Dari hasil pemeriksaan, sejumlah barang bukti diamankan, antara lain baju lengan panjang krem bermotif bunga, celana panjang karet warna krem, dan jaket biru navy. Seluruh barang tersebut telah dikembalikan kepada FT selaku pemilik.
Kejari Kutim menegaskan bahwa penghentian perkara ini didasarkan pada Peraturan Kejaksaan Nomor 15 Tahun 2020 tentang Penghentian Penuntutan Berdasarkan Keadilan Restoratif, serta Pedoman Jaksa Agung Nomor 24 Tahun 2021.
“Keadilan restoratif bukan berarti membebaskan pelaku dari kesalahan, tetapi memulihkan hubungan sosial dan memberikan kesempatan untuk memperbaiki diri,”tegasnya.

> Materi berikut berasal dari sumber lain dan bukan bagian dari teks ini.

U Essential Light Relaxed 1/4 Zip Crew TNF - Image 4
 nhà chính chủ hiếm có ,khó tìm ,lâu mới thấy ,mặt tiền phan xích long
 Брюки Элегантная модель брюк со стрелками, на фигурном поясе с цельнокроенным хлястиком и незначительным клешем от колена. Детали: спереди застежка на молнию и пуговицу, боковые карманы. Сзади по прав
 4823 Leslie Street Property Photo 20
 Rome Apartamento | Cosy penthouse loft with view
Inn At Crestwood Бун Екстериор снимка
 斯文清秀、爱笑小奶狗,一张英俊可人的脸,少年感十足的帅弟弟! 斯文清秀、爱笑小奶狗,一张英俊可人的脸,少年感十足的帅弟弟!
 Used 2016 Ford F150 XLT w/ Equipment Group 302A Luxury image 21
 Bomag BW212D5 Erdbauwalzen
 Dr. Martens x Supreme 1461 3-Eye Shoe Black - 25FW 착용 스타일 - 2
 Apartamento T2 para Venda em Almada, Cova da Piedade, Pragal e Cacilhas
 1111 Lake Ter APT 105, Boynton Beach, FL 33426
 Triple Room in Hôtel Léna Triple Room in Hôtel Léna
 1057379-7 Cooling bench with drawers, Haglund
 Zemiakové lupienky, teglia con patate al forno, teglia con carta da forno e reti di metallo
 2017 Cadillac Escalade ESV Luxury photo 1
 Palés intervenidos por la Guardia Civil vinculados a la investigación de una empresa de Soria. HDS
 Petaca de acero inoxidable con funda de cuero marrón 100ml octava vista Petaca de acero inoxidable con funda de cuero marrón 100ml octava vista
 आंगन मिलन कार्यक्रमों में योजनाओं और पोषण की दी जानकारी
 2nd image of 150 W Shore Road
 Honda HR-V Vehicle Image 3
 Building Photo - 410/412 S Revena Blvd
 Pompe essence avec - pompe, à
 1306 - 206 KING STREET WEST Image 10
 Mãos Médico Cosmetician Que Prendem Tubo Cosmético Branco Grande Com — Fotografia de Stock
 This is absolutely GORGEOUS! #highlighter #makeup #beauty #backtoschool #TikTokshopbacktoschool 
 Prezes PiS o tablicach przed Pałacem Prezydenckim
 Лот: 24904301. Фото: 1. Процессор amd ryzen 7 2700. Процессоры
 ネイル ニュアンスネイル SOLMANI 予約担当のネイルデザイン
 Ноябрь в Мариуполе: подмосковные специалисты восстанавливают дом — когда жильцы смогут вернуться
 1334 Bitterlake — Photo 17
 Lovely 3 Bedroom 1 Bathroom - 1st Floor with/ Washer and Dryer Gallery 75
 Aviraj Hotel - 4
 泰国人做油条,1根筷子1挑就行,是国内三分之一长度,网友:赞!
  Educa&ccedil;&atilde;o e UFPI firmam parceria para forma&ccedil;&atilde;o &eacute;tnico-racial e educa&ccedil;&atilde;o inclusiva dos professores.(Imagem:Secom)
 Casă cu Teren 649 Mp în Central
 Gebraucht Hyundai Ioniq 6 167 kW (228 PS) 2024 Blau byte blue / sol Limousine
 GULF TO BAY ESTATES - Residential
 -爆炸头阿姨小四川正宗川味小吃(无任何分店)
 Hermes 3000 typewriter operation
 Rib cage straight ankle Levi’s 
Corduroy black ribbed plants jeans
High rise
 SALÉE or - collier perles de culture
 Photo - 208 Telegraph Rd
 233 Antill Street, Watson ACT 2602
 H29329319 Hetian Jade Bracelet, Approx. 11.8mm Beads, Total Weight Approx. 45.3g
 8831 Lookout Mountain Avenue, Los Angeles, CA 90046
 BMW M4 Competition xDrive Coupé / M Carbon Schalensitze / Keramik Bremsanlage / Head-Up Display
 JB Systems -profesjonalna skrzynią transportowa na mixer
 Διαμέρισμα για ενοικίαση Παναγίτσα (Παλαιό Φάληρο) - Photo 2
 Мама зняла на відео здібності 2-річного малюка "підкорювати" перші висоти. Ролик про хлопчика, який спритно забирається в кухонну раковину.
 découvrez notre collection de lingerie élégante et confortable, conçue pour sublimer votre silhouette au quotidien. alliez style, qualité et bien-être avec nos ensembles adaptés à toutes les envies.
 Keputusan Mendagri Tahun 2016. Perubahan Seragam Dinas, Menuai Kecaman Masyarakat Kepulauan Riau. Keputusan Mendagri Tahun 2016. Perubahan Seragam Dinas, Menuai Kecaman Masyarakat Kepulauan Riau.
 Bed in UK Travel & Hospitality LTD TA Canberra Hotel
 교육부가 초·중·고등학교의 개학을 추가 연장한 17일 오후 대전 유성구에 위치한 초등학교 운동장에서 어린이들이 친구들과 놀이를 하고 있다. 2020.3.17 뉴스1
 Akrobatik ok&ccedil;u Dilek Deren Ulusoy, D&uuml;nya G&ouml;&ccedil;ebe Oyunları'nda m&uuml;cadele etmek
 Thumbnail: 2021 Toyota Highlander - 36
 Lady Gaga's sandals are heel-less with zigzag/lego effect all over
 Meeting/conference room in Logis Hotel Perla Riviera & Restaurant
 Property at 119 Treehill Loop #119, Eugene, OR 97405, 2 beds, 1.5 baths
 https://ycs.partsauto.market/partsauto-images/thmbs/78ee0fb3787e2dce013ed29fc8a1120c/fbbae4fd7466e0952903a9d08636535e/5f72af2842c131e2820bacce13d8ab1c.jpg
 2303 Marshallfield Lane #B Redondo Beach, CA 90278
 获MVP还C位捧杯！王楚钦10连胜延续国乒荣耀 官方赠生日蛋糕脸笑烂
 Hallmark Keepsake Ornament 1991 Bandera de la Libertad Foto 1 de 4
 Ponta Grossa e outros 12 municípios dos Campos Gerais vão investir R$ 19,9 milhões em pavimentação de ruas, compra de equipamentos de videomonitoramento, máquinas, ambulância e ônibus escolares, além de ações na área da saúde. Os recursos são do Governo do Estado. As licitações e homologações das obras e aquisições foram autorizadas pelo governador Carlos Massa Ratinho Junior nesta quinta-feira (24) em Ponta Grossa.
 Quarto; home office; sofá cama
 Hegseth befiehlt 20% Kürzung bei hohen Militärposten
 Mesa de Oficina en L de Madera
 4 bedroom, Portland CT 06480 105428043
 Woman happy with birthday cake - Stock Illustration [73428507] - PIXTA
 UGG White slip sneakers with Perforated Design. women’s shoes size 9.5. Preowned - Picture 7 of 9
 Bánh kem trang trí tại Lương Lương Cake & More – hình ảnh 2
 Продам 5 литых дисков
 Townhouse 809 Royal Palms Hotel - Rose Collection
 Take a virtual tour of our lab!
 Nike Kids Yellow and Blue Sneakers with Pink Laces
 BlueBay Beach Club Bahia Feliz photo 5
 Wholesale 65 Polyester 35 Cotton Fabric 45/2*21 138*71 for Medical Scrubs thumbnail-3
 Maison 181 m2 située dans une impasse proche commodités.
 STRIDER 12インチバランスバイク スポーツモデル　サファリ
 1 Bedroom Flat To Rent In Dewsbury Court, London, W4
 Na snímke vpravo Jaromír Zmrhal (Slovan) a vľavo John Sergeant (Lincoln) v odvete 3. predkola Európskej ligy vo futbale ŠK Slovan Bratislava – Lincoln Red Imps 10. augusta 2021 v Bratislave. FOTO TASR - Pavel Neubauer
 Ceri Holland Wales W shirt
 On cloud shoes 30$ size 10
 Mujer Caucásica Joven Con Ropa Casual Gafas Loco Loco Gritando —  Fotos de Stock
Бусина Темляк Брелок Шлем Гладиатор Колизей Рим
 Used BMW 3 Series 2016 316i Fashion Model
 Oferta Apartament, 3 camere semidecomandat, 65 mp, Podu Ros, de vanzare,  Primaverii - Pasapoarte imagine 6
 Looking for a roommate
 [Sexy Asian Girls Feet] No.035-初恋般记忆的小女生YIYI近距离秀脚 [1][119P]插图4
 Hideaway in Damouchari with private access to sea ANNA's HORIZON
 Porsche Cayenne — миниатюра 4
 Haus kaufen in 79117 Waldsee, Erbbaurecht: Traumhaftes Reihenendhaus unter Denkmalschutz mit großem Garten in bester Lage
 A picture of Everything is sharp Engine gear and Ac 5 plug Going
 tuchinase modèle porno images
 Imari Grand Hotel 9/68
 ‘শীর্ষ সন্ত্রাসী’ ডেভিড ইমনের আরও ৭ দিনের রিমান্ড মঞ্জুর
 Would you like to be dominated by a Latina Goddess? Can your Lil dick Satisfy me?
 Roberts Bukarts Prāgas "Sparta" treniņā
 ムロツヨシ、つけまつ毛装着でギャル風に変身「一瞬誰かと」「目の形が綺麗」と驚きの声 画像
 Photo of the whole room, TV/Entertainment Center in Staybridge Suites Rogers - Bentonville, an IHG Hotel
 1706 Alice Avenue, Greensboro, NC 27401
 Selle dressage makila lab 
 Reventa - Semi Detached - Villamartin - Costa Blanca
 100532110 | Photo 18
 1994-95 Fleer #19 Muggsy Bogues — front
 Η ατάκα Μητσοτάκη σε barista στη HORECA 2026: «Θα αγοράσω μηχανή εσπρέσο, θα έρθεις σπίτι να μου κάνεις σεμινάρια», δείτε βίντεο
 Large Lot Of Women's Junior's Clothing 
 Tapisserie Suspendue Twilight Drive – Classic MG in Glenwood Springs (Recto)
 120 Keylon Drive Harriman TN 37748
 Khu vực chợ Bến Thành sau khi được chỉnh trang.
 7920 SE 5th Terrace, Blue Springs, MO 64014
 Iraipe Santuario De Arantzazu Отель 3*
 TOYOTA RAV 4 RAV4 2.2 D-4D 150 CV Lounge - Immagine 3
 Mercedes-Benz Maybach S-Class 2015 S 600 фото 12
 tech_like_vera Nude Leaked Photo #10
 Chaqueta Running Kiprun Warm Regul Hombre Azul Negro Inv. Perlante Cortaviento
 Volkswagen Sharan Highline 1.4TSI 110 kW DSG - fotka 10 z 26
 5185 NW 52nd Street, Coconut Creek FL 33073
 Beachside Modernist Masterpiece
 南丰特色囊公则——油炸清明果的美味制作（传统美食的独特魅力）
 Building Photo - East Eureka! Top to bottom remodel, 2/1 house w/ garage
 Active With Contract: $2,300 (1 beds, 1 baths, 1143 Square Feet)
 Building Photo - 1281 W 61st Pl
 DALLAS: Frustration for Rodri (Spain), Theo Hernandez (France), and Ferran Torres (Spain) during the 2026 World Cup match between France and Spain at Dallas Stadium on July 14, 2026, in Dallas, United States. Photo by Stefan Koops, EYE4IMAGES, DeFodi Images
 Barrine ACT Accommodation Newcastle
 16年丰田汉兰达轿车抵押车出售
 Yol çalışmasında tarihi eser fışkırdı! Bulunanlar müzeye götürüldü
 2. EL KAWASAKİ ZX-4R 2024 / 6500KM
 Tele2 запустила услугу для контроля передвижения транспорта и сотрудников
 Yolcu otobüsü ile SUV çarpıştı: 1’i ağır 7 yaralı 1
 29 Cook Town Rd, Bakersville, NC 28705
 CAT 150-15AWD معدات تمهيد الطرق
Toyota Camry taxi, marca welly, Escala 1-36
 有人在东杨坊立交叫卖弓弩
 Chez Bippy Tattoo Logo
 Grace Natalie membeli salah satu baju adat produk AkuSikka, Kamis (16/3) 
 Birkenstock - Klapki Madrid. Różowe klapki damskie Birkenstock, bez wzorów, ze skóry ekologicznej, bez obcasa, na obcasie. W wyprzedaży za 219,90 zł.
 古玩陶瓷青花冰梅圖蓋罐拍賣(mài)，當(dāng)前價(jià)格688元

Meski begitu, pihak kejaksaan menekankan bahwa keputusan ini bisa dibuka kembali jika ditemukan alasan baru oleh penyidik atau jika ada keputusan pengadilan yang menyatakan penyelesaian tidak sah.
Dengan berakhirnya perkara tersebut, Kejari Kutim berharap pendekatan keadilan restoratif bisa menjadi contoh penyelesaian yang berlandaskan kemanusiaan.
“Tujuan hukum tidak hanya menghukum, tetapi menghadirkan kedamaian dan pemulihan bagi semua pihak. Selama kedua belah pihak beritikad baik, jalur damai adalah pilihan terbaik,”tutup Bayu.